Setting up n8n with OpenClaw: n8n can send messages directly into your OpenClaw agent's session thread (in Telegram or Discord) — giving your agent context from external workflows without you lifting a finger.

If running a server or editing config files isn't your comfort zone, n8n's visual interface makes this approachable. It's used for automation by millions of non-technical users, and most of the connection patterns you'd want with OpenClaw are documented.

Part 7: Spending Limits and Token Accountability

Set API key credit limits. In your OpenRouter (or Anthropic API) account, you can set daily or monthly spending caps per API key. A $5/day hard limit prevents any single misconfiguration from becoming a $200 surprise.

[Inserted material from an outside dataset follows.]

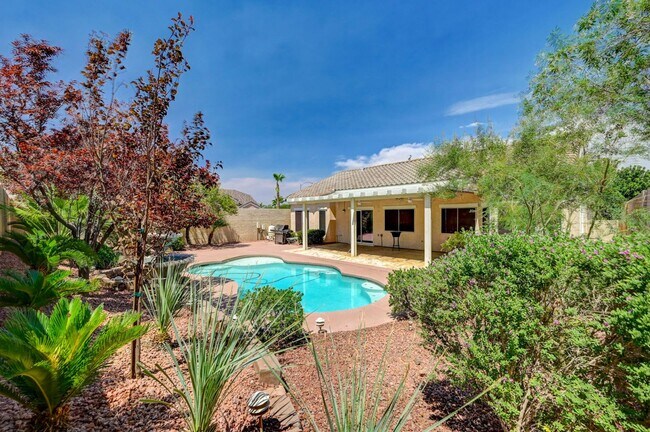 Building Photo - Beautiful 3 Bedroom Single Story Home in A...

Review weekly. Every week, spend ten minutes looking at where your tokens actually went. Which agents are most expensive? Which tasks are costing more than they're worth? Small adjustments based on real data make a bigger difference than optimising in theory.

Build a usage dashboard. If you're comfortable with a bit of development work, having your agent log token consumption by task and model to a database — then visualise it — gives you the observability you need to make intelligent optimisation decisions.

What a Sensible Setup Looks Like

After applying these principles, a reasonable OpenClaw setup looks something like this:

Primary model: Kimi K2 or Sonnet (not Opus) for everyday tasks
Developer sub-agent: GPT-4.1 or equivalent for coding, potentially using a subscription plan's included tokens
Heartbeat model: Ollama local model (free)
Recurring tasks: Handled by n8n where possible, only escalating to OpenClaw when real action is needed
Session hygiene: Regular /compact or /new to prevent context bloat
Lean config files: Reviewed monthly, free of redundant entries
Spending cap: API key daily limit set as a safety net

The combined effect of these changes is an 80–90% reduction in token costs compared to an unoptimised setup — with no meaningful loss in capability for the tasks that matter.

OpenClaw is powerful. It doesn't have to be ruinously expensive.